Funktionsweise von Dummheit

Metonymic games.  Ein Beitrag zur Geschichte der Dummheit. Und zur Funktionsweise von Ideologien.

Wer sich Flüchtlinge in die Tiefen des Mittelmeers oder in die Hölle wünscht, spricht das selten direkt und unverblümt aus. Er redet, seine moralische Qualität darzutun, von den verbrecherischen Schleuser- und Schlepperbanden, die so gewissenlos sind, die armen Flüchtlinge gegen Geld auf eine unsichere Fahrt im defekten Schlauchboot über das Meer zu schicken, wo sie leiderleider ertränken. Der Gute zerfließt dabei vor Mitleid. Und er wendet eine Redeweise an, die gerne da zu Tage tritt, wo sich Dummheit und Amoral tummeln, die metonymische Redeweise. Metonymie ist die Logik der dummen Kerls. Dummheit bedeutet hier, für real und wahr zu halten, was eigentlich nur ein literarischer oder rhetorischer Kniff sein sollte.

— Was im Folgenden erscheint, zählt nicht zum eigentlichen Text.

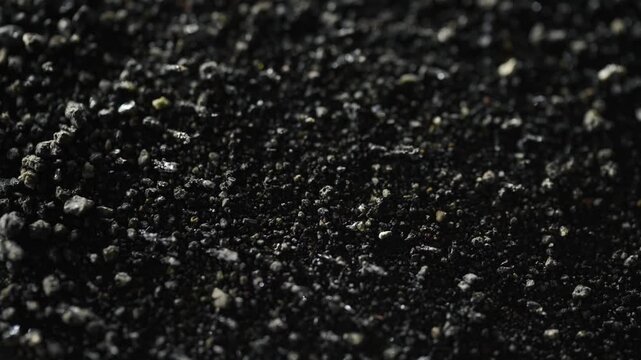 Macro Closeup Of Rocky Particles Moving In Magnetic Field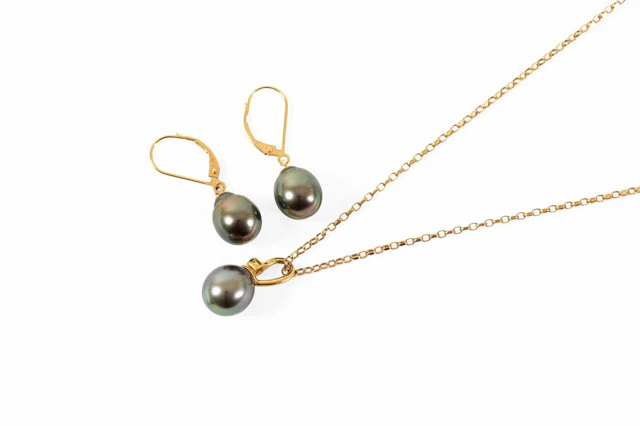 A Tahitian Pearl and Diamond Pendant on Chain, A Pair of Tahitian
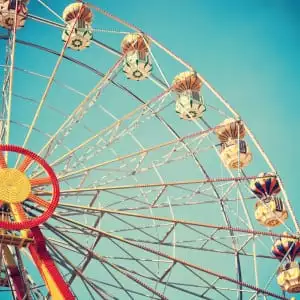 Vintage style photo of ferris wheel in blue sky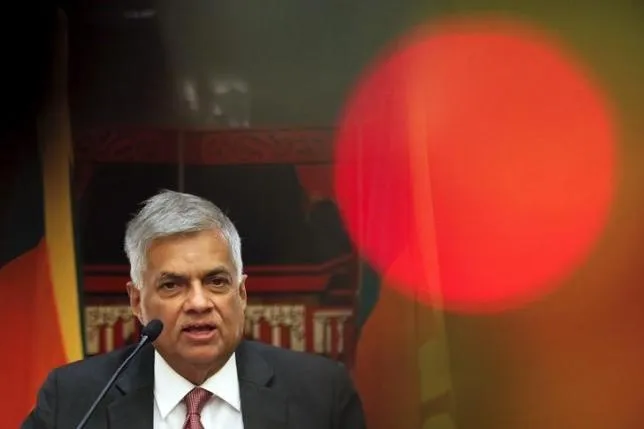 Sri Lankan Prime Minister Ranil Wickremesinghe addresses reporters at a hotel in Beijing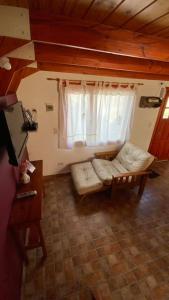 sala de estar con sofá blanco y ventana en Cabañas del Rosario en Puerto Santa Cruz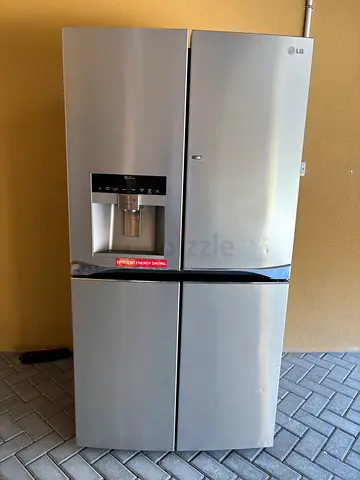 LG Side-by-Side Refrigerator and Freezer with Water Dispenser - Silver, Used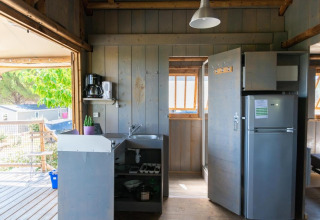 Interior view of a treehouse kitchen with fridge, sink, and coffeemaker at Flower Camping Provence Vallée.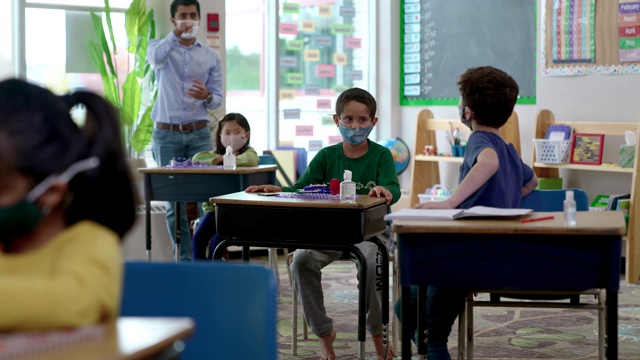 2019冠状病毒病期间，戴口罩的学生在教室里视频素材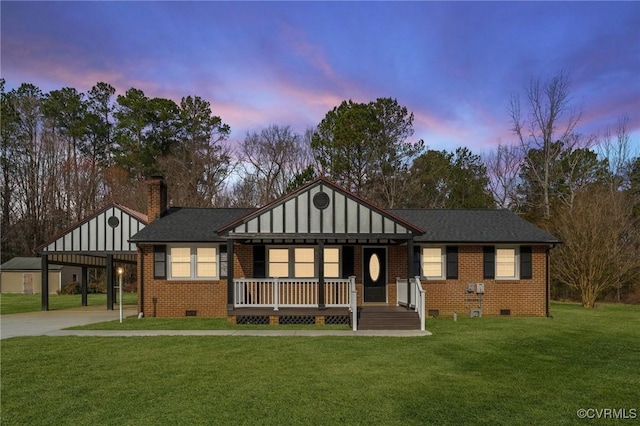 view of front facade featuring covered porch, brick siding, crawl space, and a front yard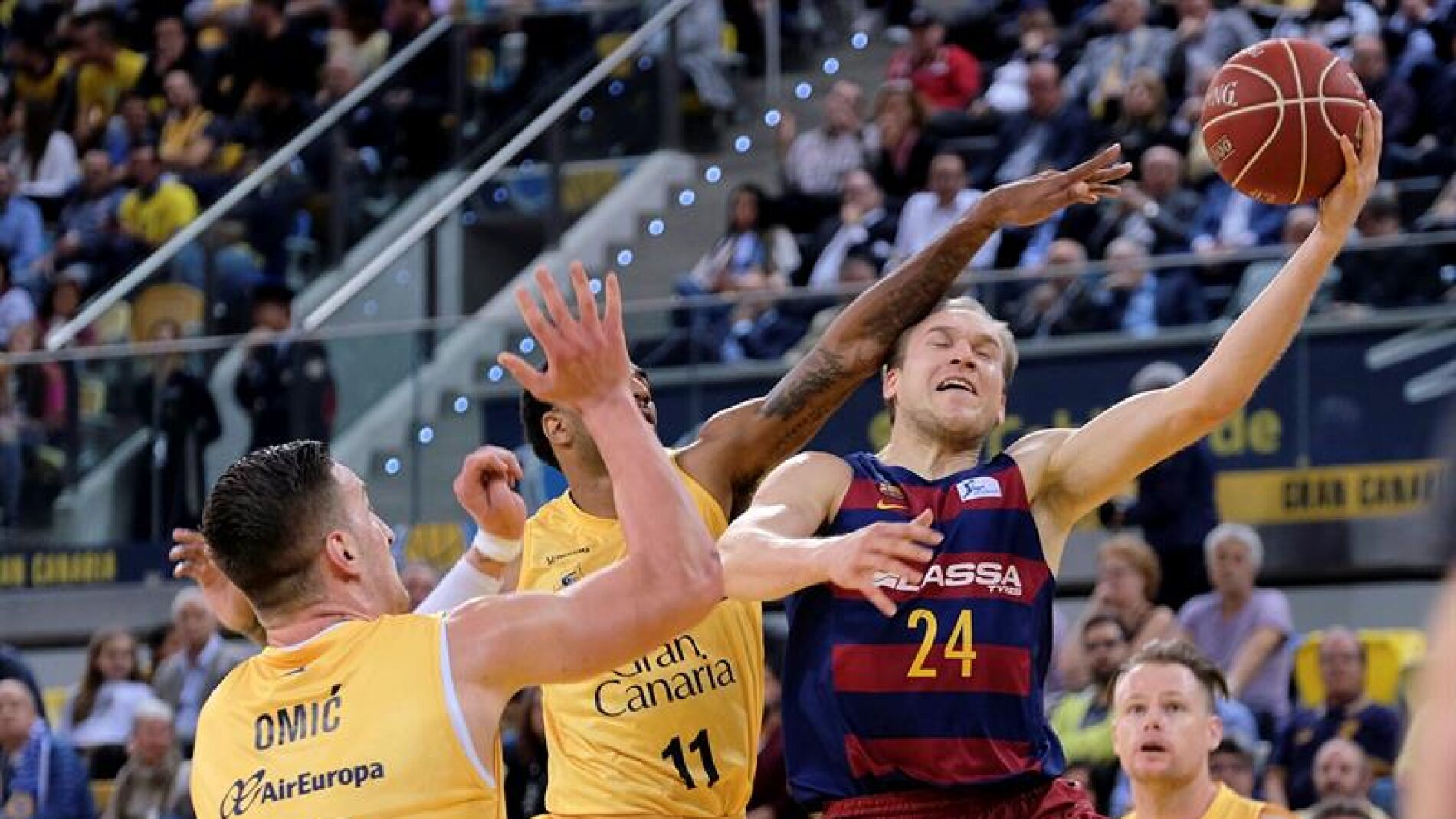 Oleson tira a canasta ante la defensa de Omic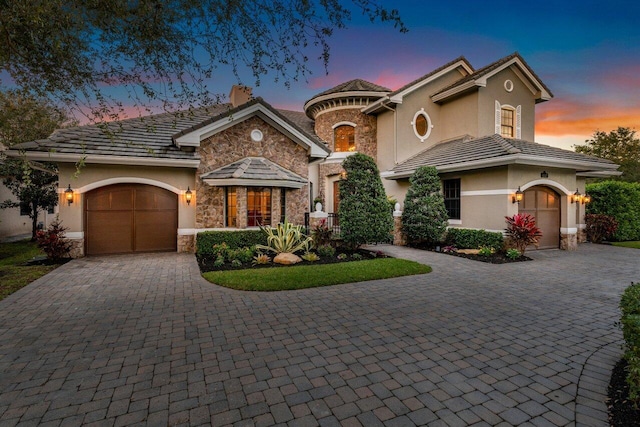 mediterranean / spanish-style home featuring a garage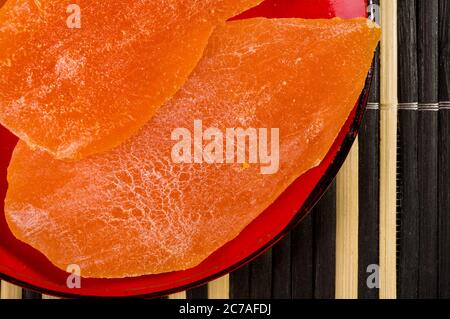 Fette di mango essiccato in un piatto rosso su un tappetino di bambù, guardaroba. Foto Stock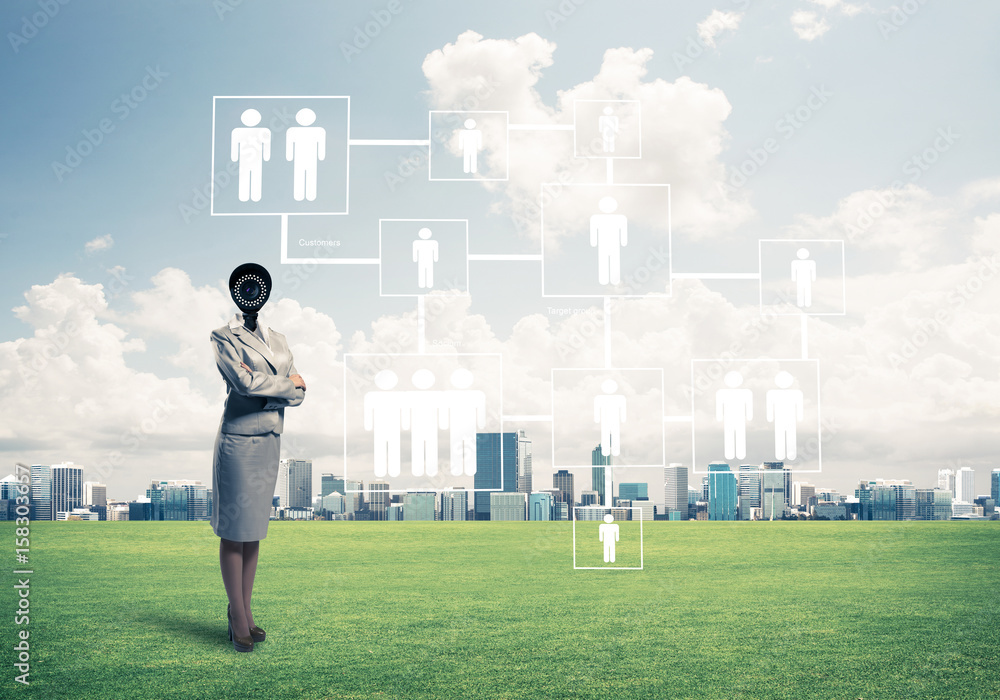 Camera headed woman standing on green grass against modern citys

Bekannt sind Metonymien, ähnlich wie Metaphern,  als rhetorische Tropen und als Sprachfiguren, die in der Literatur, aber auch in der Alltagssprache und der Rhetorik gängig sind. Beispiel: Auf die Metapher „Machst du mir Kaffee, Süße?“ folgt gerne eine weitere: „Natürlich, mein Schatz.“   Oder  die Metonymie „Mach  ihn dir selber, du Arsch“.  Während die Metapher als Stilmittel aus einem andern Begriffsfeld stammt und auf Ähnlichkeit basiert,  steht die Metonymie als Umbenennung im sachlogischen Zusammenhang mit dem gemeinten Begriff. Die Synekdoche (Vertauschung der Bezeichnungen zwischen dem Ganzen und einem Teil, meist pars pro toto, also Kiel für Schiff) gilt meist als Sonderfall der Metonymie. Beide Figuren dienen als Verfahren der Bedeutungsänderung von Wörtern. („Stuhlbein“ ist metaphorisch, „pro Kopf“ Ist metonymisch entstanden.)

((( Der berühmte Rhetor Marcus Fabius Quintilian (1. Jahrhundert) kannte sieben Typen der Metonymie:

Erzeuger für Erzeugnis,  (Goethe lesen)

Erzeugnis für Erzeuger (Ich schenke dir Freude)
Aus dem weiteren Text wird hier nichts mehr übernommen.